While it is true that a quantum-meruit contract is not sufficient to support a waiver of sovereign immunity, Paul L. Whitfield, P.A. v. Gilchrist, 348 N.C. 39, 42, 497 S.E.2d 412, 414 (1998), this is not such a case. We have previously held that analogous claims for benefits are contractual. Simpson v. Government Emp. Retire. Sys., 88 N.C.App. 218, 223, 363 S.E.2d 90, 93 (1987)("[W]e . . . hold that the relationship between plaintiffs and the Retirement System is one of contract."). In determining whether the plaintiff's claim is of a contractual nature, the most apposite case is Pritchard v. Elizabeth City, 81 N.C.App. 543, 344 S.E.2d 821, disc. rev. denied, 318 N.C. 417, 349 S.E.2d 598 (1986). Our Supreme Court subsequently cited Pritchard with approval, noting that there, "the Court of Appeals held that oral representations to municipal employees by city officials regarding accrual of benefits, upon which the employees relied, constituted a contractual agreement to which the city was bound." Bailey, 348 N.C. at 144, 500 S.E.2d at 62.

Applying this law to the case before us, the record shows that Section 10 of the Caldwell County Personnel Ordinance, as in effect at the time of plaintiff's employment, provided that any Caldwell County Employee dismissed without cause would be entitled to severance pay. If oral representation regarding accrual of benefits could constitute a contractual agreement, a county ordinance would present a much stronger argument. Indeed, our Supreme Court has spoken specifically to this, noting:

[I]t is a matter of established law that a legislative enactment in the ordinary form of a statute may contain provisions which, when accepted as the basis of action by individuals or corporations, become contracts between them and the State within the protection of the clause of the Federal Constitution forbidding impairment of contract obligations; rights may accrue under a statute or even be conferred by it, of such character as to be regarded as contractual, and such rights cannot be defeated by subsequent legislation.

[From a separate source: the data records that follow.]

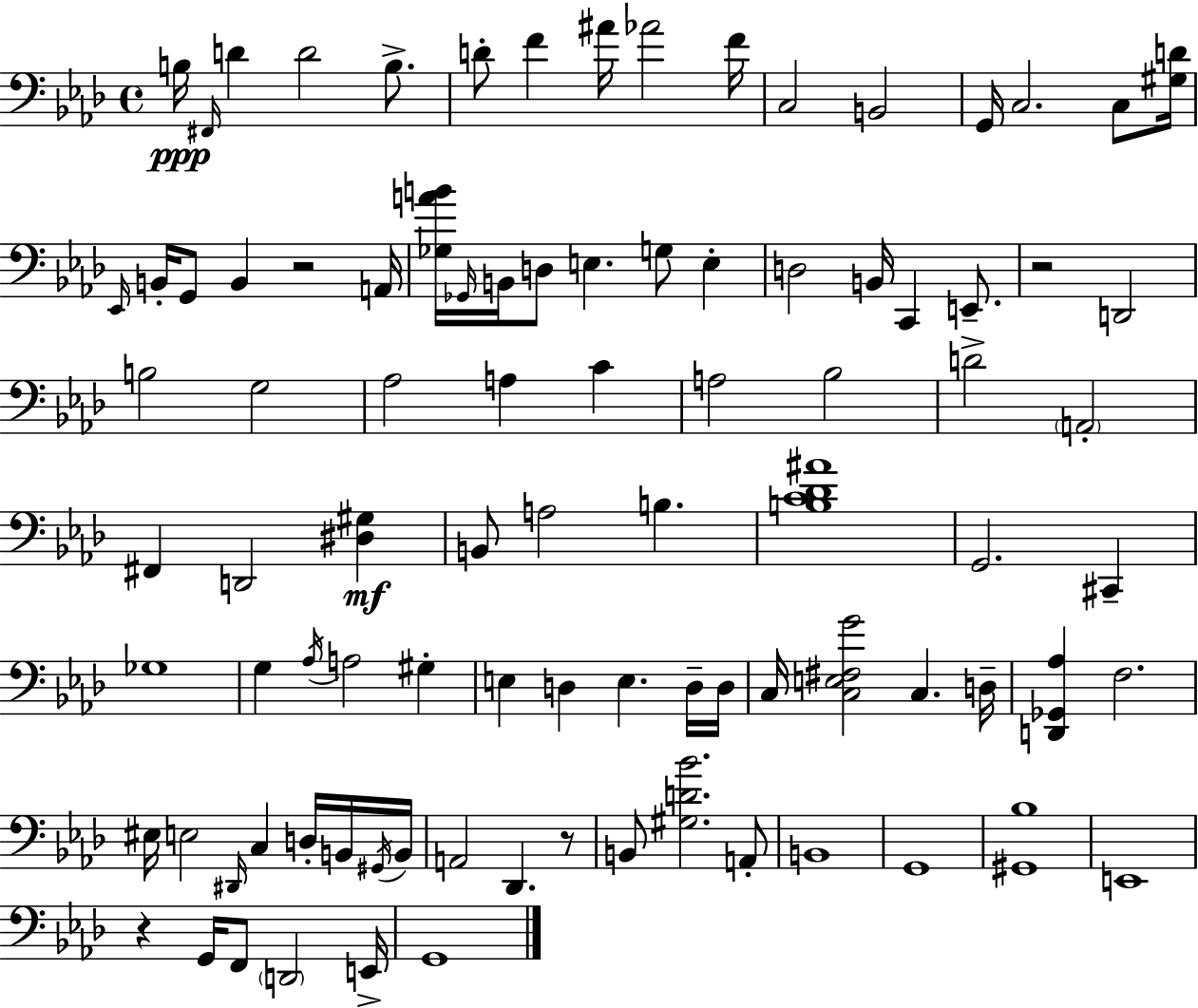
{
  \clef bass
  \time 4/4
  \defaultTimeSignature
  \key aes \major
  b16\ppp \grace { fis,16 } d'4 d'2 b8.-> | d'8-. f'4 ais'16 aes'2 | f'16 c2 b,2 | g,16 c2. c8 | \break <gis d'>16 \grace { ees,16 } b,16-. g,8 b,4 r2 | a,16 <ges a' b'>16 \grace { ges,16 } b,16 d8 e4. g8 e4-. | d2 b,16 c,4 | e,8.-- r2 d,2 | \break b2 g2 | aes2 a4 c'4 | a2 bes2 | d'2-> \parenthesize a,2-. | \break fis,4 d,2 <dis gis>4\mf | b,8 a2 b4. | <b c' des' ais'>1 | g,2. cis,4-- | \break ges1 | g4 \acciaccatura { aes16 } a2 | gis4-. e4 d4 e4. | d16-- d16 c16 <c e fis g'>2 c4. | \break d16-- <d, ges, aes>4 f2. | eis16 e2 \grace { dis,16 } c4 | d16-. b,16 \acciaccatura { gis,16 } b,16 a,2 des,4. | r8 b,8 <gis d' bes'>2. | \break a,8-. b,1 | g,1 | <gis, bes>1 | e,1 | \break r4 g,16 f,8 \parenthesize d,2 | e,16-> g,1 | \bar "|."
}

Ogelsby v. Adams, 268 N.C. 272, 273-74, 150 S.E.2d 383, 385 (1966). We believe the nature of the ordinance at issue here turns this action into one based on contract, and pleading a waiver of sovereign immunity is not necessary. "When the state comes into its courts seeking their aid in annulling a contract, it is governed, in general, by the same rules as the citizen." Blount v. Spencer, 114 N.C. 770, 772, 19 S.E. 93, 96 (1894). Thus, plaintiff's action is not barred by sovereign immunity.

Defendant next argues that...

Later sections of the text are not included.